Your answer must match, word for word, the lines from the one holding "Modern Chandelier Lamp" through the final line below, with pictures excluded.

(Data entries)
• • • • •

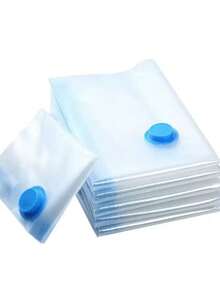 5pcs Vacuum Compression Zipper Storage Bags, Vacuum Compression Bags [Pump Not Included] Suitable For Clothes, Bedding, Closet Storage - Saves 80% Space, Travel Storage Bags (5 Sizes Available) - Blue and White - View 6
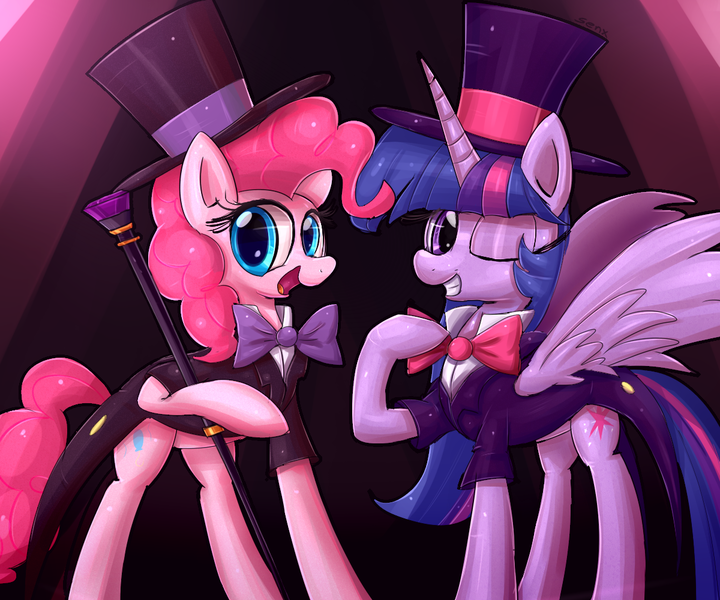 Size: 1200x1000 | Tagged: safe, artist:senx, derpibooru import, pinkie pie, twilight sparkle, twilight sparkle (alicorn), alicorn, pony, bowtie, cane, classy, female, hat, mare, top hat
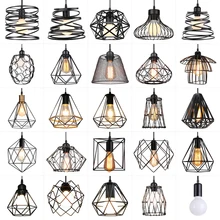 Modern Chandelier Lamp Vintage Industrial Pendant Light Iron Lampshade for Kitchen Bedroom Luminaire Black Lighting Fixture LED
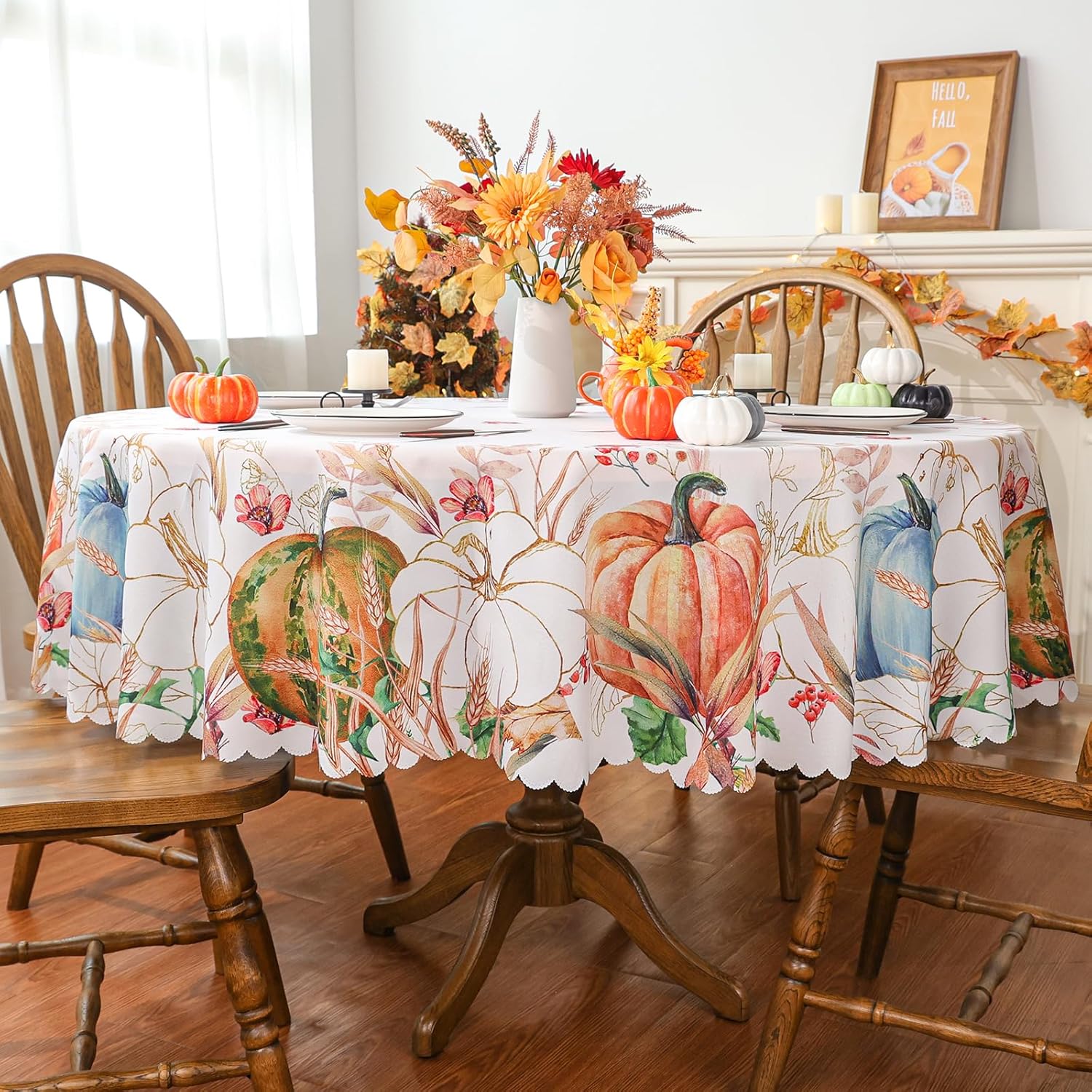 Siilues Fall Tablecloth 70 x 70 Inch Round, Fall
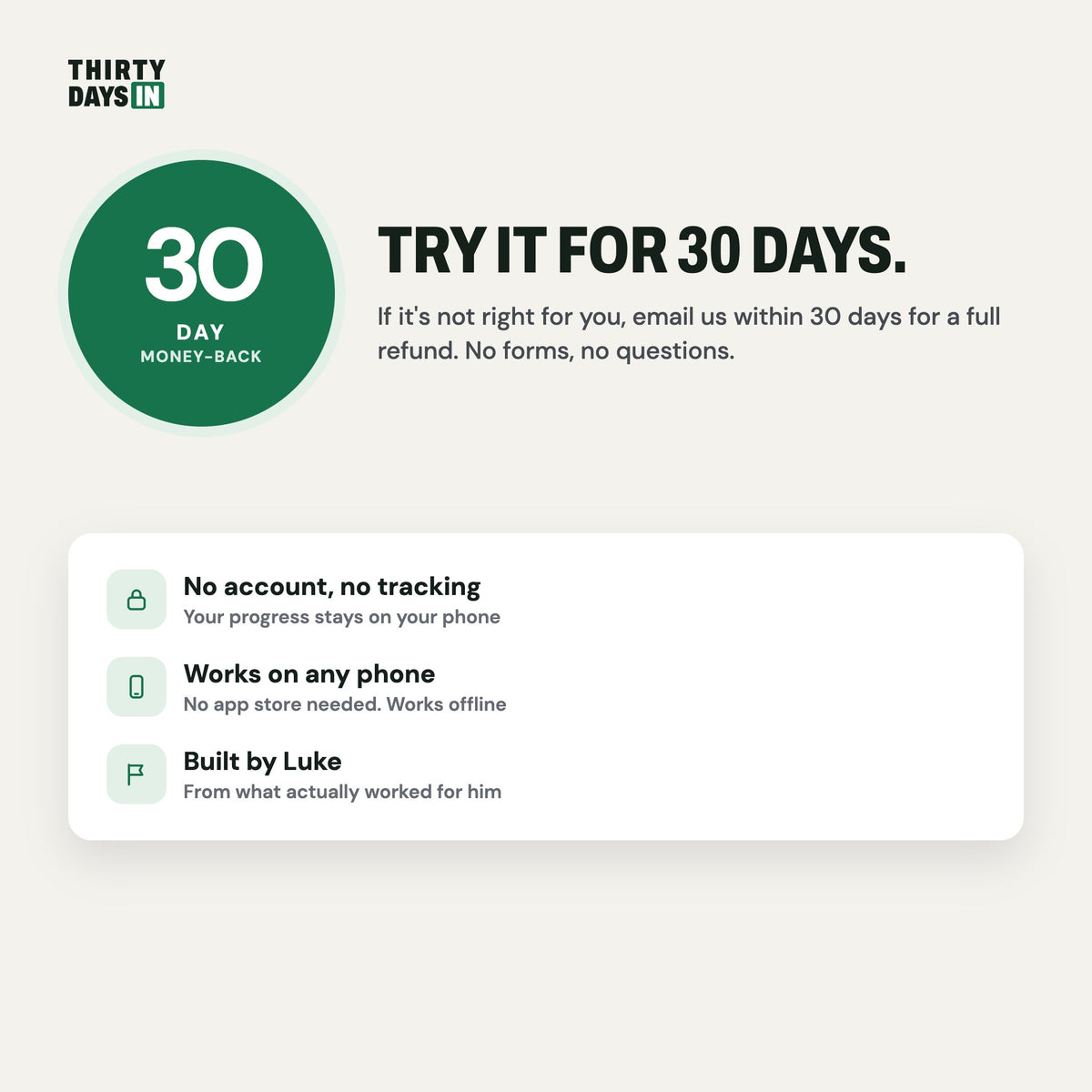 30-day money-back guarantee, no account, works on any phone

• • • • •

__Answer section__.
 Modern Chandelier Lamp Vintage Industrial Pendant Light Iron Lampshade for Kitchen Bedroom Luminaire Black Lighting Fixture LED
 Siilues Fall Tablecloth 70 x 70 Inch Round, Fall
 30-day money-back guarantee, no account, works on any phone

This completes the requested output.